If 818,800 now live in 30,600 assisted-living facilities in the U.S, the dean joined millions in past and present of family members searching for one with reasonable monthly charges and safety as primary factors. Other considerations are the proximate distance between facility and a family member’s home, community choice (rural or urban), ratio of caregivers to residents, care needs, activities, and food quality.
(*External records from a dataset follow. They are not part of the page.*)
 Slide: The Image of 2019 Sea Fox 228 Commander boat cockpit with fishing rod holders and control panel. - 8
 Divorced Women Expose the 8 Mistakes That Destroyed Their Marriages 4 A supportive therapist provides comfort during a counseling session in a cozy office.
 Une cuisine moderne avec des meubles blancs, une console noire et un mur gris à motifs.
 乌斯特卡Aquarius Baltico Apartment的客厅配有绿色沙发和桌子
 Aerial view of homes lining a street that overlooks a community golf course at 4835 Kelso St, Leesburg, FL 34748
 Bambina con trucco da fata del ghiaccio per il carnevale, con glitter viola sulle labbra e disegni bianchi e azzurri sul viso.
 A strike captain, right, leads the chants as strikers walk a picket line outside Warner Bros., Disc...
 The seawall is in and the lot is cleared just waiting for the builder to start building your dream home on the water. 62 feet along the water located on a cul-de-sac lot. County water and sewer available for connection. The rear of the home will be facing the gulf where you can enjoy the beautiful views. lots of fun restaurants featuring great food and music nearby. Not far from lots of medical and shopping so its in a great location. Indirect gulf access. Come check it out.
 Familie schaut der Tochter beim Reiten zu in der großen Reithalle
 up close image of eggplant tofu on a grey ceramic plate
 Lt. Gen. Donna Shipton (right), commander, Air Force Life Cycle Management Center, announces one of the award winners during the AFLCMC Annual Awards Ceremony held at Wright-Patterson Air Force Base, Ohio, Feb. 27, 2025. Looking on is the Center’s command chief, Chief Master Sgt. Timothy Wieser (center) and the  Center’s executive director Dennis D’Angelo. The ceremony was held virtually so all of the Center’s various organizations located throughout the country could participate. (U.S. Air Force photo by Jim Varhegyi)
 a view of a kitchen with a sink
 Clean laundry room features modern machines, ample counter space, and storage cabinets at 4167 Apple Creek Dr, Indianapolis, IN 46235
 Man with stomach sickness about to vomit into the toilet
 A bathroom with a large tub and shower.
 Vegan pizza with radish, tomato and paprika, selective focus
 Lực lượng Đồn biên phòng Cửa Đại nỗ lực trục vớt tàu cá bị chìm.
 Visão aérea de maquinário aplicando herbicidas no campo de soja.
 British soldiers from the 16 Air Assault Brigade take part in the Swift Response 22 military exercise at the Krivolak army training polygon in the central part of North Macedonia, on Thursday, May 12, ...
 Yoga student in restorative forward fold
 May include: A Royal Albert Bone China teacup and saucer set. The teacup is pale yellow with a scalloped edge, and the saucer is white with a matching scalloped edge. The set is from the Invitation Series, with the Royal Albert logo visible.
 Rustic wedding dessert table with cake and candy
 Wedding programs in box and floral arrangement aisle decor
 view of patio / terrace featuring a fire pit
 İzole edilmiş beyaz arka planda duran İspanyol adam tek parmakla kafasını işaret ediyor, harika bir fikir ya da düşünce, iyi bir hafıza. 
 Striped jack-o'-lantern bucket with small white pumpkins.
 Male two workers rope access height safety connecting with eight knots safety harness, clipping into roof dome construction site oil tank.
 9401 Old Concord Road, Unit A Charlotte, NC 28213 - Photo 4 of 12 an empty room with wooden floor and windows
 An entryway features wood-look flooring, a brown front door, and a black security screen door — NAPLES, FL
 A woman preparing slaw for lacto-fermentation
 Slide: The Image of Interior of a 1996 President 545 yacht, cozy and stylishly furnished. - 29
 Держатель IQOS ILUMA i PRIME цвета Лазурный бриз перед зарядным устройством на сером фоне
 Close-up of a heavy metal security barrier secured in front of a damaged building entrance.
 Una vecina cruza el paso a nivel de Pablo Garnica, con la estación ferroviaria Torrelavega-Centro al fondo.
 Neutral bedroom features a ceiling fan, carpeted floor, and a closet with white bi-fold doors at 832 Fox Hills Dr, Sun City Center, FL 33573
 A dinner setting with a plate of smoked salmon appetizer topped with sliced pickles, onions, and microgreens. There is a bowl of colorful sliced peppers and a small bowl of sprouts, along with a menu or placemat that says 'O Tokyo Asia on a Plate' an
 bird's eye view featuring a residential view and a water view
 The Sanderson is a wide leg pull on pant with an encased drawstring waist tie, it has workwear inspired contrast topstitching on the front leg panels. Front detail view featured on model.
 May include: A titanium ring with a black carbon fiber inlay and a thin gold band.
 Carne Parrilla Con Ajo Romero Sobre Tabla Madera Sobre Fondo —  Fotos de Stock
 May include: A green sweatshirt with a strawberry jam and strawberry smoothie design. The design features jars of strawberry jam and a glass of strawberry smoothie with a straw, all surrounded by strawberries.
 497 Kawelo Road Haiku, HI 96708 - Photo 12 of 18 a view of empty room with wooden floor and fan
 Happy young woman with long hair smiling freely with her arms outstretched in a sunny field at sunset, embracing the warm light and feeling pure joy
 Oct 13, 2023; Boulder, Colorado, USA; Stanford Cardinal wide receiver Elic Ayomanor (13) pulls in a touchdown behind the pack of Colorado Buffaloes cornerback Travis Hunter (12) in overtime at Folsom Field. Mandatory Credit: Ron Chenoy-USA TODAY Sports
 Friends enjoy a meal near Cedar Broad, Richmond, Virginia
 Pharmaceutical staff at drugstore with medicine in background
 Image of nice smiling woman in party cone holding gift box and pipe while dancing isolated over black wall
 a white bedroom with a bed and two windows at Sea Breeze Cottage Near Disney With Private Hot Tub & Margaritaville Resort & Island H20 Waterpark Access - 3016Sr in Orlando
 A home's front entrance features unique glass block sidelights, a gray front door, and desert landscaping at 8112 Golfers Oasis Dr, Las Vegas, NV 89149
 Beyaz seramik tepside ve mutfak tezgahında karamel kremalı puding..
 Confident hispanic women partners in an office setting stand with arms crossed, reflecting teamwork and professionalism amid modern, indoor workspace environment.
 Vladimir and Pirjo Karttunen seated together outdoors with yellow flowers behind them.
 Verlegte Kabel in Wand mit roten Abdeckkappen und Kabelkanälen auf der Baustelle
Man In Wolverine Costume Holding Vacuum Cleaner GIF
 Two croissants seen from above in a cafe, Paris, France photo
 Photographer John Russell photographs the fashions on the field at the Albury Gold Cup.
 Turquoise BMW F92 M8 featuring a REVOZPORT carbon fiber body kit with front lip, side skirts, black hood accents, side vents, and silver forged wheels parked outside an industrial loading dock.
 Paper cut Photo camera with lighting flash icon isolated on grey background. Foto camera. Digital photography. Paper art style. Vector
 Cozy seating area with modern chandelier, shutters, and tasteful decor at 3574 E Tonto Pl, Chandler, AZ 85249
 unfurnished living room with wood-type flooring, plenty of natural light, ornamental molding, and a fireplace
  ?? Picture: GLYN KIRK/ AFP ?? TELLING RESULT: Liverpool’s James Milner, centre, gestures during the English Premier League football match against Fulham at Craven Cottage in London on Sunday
Years later, a close friend recently had to end years of procrastinated dread about researching a destination for an 86-year-old widowed father. His increasing number of falls, were followed by hospitalizations and rehabilitation stays. And Medicare covers only 100 days of a calendar year.
Though ferociously independent, even he had to admit assisted-living would be a relief from having to find and court middle-aged widows and divorcees as “companions,” but essentially to do his meals and housework. The turnover was exhaustive. And when she toted up his monthly expenses, a google search of the median monthly cost of assisted-living quarters ($5,511 ) nearly equaled it—and he would be free from seeking “birds’ nests on the ground,”as he put it.
She could have contacted one of the agencies that serve a dozen facilities for commissions, but she didn’t trust them or their testimonials. That meant another google research of 45 Portland (OR) places until she had a short list of five to visit.
One of her first investigative “sweeps”involved deleting those whose licenses had been lifted by the state’s housing agency for significant violations (unsafe, theft, abuse, medication mix-ups, etc.). But her biggest criticism was having to page through dozens promotional pictures of supposedly happy residents and flowery prose—and gushy testimonials— to get to the bottom line: cost. Some just recommended contacting them for “further information.”
“Price is the one thing most of us want to know up front,’ she said, “before we spend time on gush or snapshots of well-preserved couples dancing or playing bingo.”She finally found the prices only to discover additional cost of thousands of dollars per month tacked on for the “level of care”her father would need. He was evaluated as a “Level III”at $2,000 for assisted showers twice per week, accompanied daily walks, and medication help.
She (and the family) were shocked because it would clean out his bank account within 21 months. Forbes’2024 finding was instructive in reporting the“median length stay in assisted living is around 22 months.”That’s usually when the money runs out and then having to find some other accommodation for their father until his death.
Now, the Census Bureau estimates that by 2040 some 80,800,000 will be over 65. Millions more like my friend will want to know the bottom-line costs of assisted-living without having to spend days repeating her labors.
The solution to this common, heartbreaking—often dangerous— family dilemma is obvious. The base monthly price and these additional charges should be stipulated on a website’s first page—with an indicator of the subsequent page spelling out services at each level, I to X. The Consumer Protection Bureau has limited staff and budget to pursue this growing extortion, much less policing this crime. Only a Congressional law or a president’s executive order can require such a national mandate, vital because families often “shop”other states’s offerings.
Naturally, lobbyists would bombard both branches of government if a hint of such a requirement appeared to threaten profits of facility owners and dividends to their stockholders. But like Social Security and Medicare, this is one issue that will unite the votes of families affected by the bait-and-switch cleaning out bank accounts and assets. It could force them to provide the care and feeding of elderly members, as in the“good old days.”Too, those over 65 almost always vote.
In the meantime, family members need to watch out for the bait-and-switch before signing a contract with an assisted-living facility. It will avert doubling the pain of the hardest family decision they ever make.